Critical Responses and Counter-Philosophies
Hannah Arendt
Hannah Arendt largely avoided education as a subject, but she did so for reasons which are very interesting to educational philosophy. Her thoughts on the subject are recorded in one of the essays collected in Between Past and Future, entitled, "The Crisis in Education." In this essay, Arendt precedes to argue that any attempt to create democracy through educational methods was a form of tyranny...(Continuation pending)
E.D. Hirsch
E.D. Hirsch would surely identify himself as someone interested in educating for democracy, but he is grouped separately here because his philosophy is basically a counter to Deweyan pragmatic education, and because, like Arendt, he is concerned with preparing children for an existing order, rather than working towards a new one, let alone instituting the practice of democracy as a part of education. Hirsch is responsible for promting the cultural literacy movement.
Neil Postman and the Inquiry Method
Neil Postman has been a strong contemporary voice in both methods and philosophy of education. His 1969 book "Teaching as a Subversive Activity" (co-authored with Charles Weingartner) introduced the concept of a school driven by the Inquiry Method, the basis of which is to get the students themselves to ask and answer relevant questions. The "teacher" (the two authors disdained the term and thought a new one should be used) would be limited in the number of declarative sentences he could utter per class, as well as questions he personally knew the answer to.
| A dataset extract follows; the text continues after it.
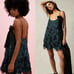 NEW Free People Pure Heart Mini Sequin Swing Dress Fairycore Coquette XS 450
The aim of this type of inquiry would be to prepare the students to lead responsible adult lives, primarily by functioning as an antidote to the rampant bureaucracy most adults are faced with after leaving school.
Postman went on to write several more books on education, notably "Teaching as a Conserving Activity" and "The End of Education." The latter deals with the importance of goals or "gods" to students, and Postman suggests several "gods" capable of replacing the current ones offered in schools, namely, Economic Utility and Consumerism.